Mobile VR and its future

Posted by Abhijeet Naik at 2017-04-01 11:43:01

Mobile VR and its future

In today’s world, a smartphone is our natural extension. We rely on our smartphone for our day to day tasks from emails, reminders, to phonecalls. With our smartphones we can connect to many people around the globe making us super-humans. Smartphone’s computing power are getting powerful every year. The computing power of a smartphone has two major components -> the CPU (Central Processing Unit) and the GPU (Graphical Processing Unit). The CPU is responsible for all sorts of single core and multi-core activities from handling of multi-tasking activities to optimal multimedia with optimised video/images or any other applications that we use. The GPU is responsible for handling all 3D-graphics intense application. And in most smartphones these 2 component work together in a stack giving you ultimate multimedia, multitasking, gaming and of-course High Quality Mobile VR. 

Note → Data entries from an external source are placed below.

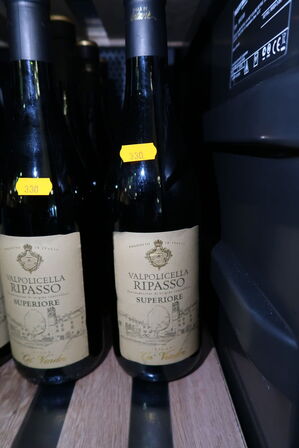 9 flasker rødvin VALPOLICELLA RIPASSO SUPERIORE
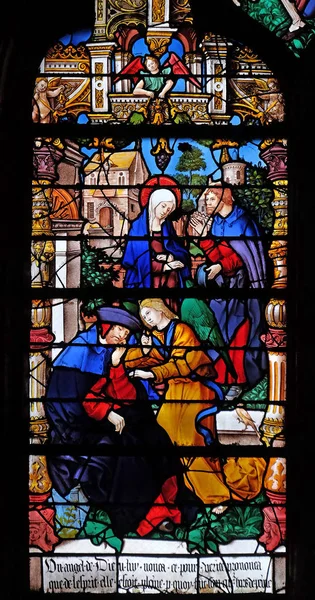 约瑟夫的怀疑 在圣和圣 Protais 教堂彩绘玻璃窗 — 图库照片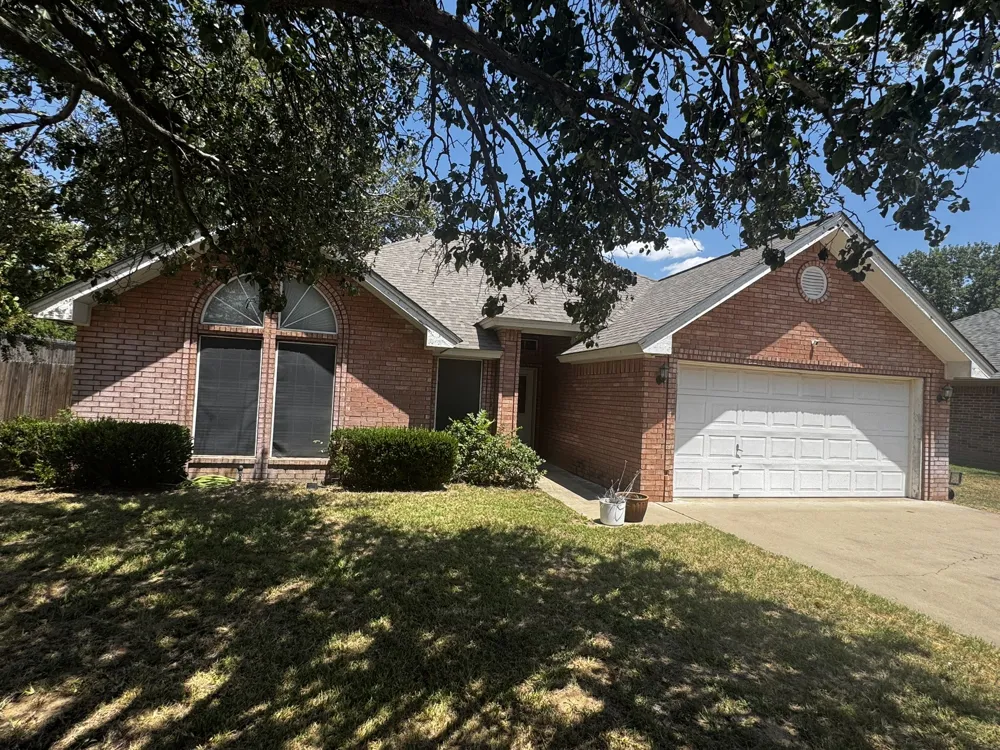 1449 Oakwood Drive Stephenville, TX 76401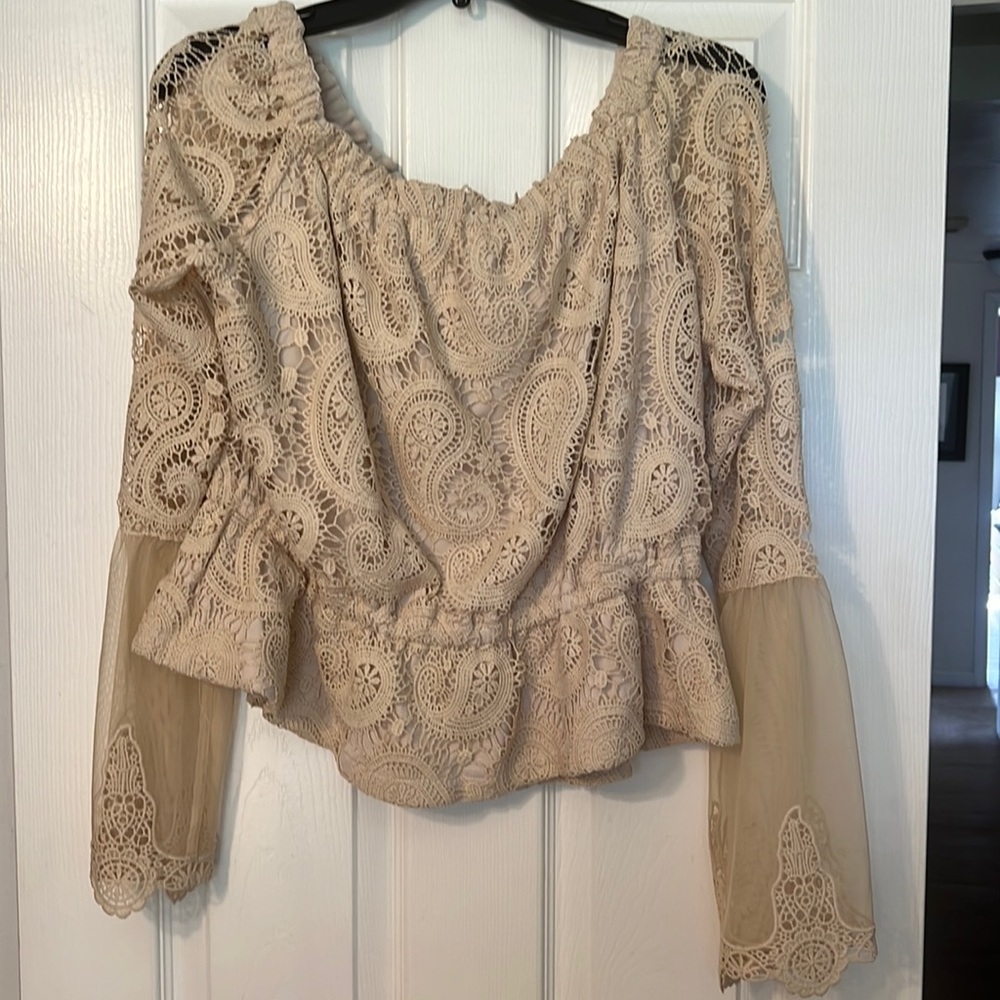 Beautiful top from Venus! Great for the spring or summer!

Not long back these amazing visuals were not possible on smartphones. If we compare desktop gaming back in 1999- 2000, Nvidia launched its first graphics card named Geforce 256 which had first rendering engine capable of handling lighting, processing 10 million polygon count per second which was fast for its debut graphics card. 

 This, I believe, changed the gaming/graphics industry dramatically. In these last 17 years, the 3D graphics industry has jumped leaps and bounds from that Geforce 256. We now have Mobile GPU’s like Adreno 530 used in Snapdragon 821 mobile processors which is capable of doing amazing things like realistic light effects, rendering millions of triangles, accurate physics calculations and much more. With these Mobile GPU’s and fast low latency display’s like OLED and some minor screen tweaking techniques? like using TimeWarp and VR lens distortion brought Mobile Virtual Reality into existence. That said, there are a lot of limitations in terms of graphics if we compare it to a desktop grade Virtual Reality devices like Oculus Rift and/or HTC Vive. These desktop grade VR have the advantage of using desktop grade graphics cards like Nvidia Ge force 1080 TI, which is the latest line up of graphics card from Nvidia. These cards are further optimised for virtual reality and can do amazing number of draw calls, supports advanced real time global illumination which can help a virtual world look more realistic. Mobile Virtual Reality compared to desktop grade VR have few advantages as well, since current gen smartphones have high resolution such as 2K display which makes textures and materials in mobile VR look really great compared to Oculus Rift or HTC Vive. With the advancement in mobile GPU and mobile processors, we now have Vulkan, wait what? Is it a bird? No its not a bird rather its an advanced graphics rendering API capable of rendering Dynamic lighting for small to medium scenes, more number of draw calls are now supported with this graphics rendering API. Sadly, this API integration is not yet avaliable for mobile virtual reality, but will come soon to mobile VR platforms like Google Daydream and Samsung Galaxy S8 Gear VR. In the next 5 years?, with the current rate of smartphone evolution we should get 2012 level of graphics desktop quality on mobile devices.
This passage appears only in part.